Para mí resulta difícil imaginar al Cabrera Infante joven, al hijo de comunistas, al director de Lunes de Revolución, al agregado cultural, al nómada que en los años setenta y ochenta estableció su pequeño gobierno rebelde —la inteligencia cubana en el exilio—, dispuesto a vencer a la Historia. Pero leo sus novelas y cuentos entre líneas, rastreo en la magia verbal y en la artillería lingüística de Tres tristes tigres o La Habana para un Infante difunto las claves de una batalla estética que combate y complementa las de Carpentier o Lezama y de una querella ética que lo liga con Cervantes y el Quijote. Porque para Cabrera el lenguaje no era sólo un instrumento de lucimiento o un desafío lingüístico, el lugar para sembrar bromas —bombas verbales— o continuar la disolución del sentido iniciada por Joyce, sino la única forma de oponerse a la brutalidad del mundo.

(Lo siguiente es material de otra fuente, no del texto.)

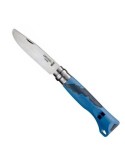Blue Opinel Outdoor Junior knife for kids with emergency whistle.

Cada vez que Cabrera Infante ideaba un retruécano o se aventuraba en un nuevo juego de palabras, desafiaba a la realidad, se oponía a ella y, sin alharacas ni declaraciones fastuosas, animaba a los demás a modificarla. Aunque quizás él jamás lo hubiese admitido, su incontinencia lúdica aspiraba a transformar el mundo. Su inmensa libertad creativa era una apuesta y una cruzada interna, un duelo con la desmemoria. Sus palabras desmesuradas, violentas, acerbas, cáusticas eran el reverso del habla de los políticos, de la retórica comunista y de la tosca sintaxis de Castro.
Es una lástima que Guillermo no vaya a ver concluida su obra, que no observe de cerca la caída final del déspota ni celebre su derrota en una fiesta animada por boleros. No constituye ningún consuelo pensar que él supiese que a la postre, de manera póstuma, habría de vencer a su enemigo. Pero al menos es posible imaginar que sus palabras corrosivas, sus frases envenenadas y sus trampas lingüísticas llegarán antes que nadie a La Habana cuando se anuncie el fin de la dictadura.
JORGE VOLPI, fragmento nº 3 de El humo de la memoria, recogido en Mentiras contagiosas, Editorial Páginas de Espuma, Madrid, 2008, págs. 189-190.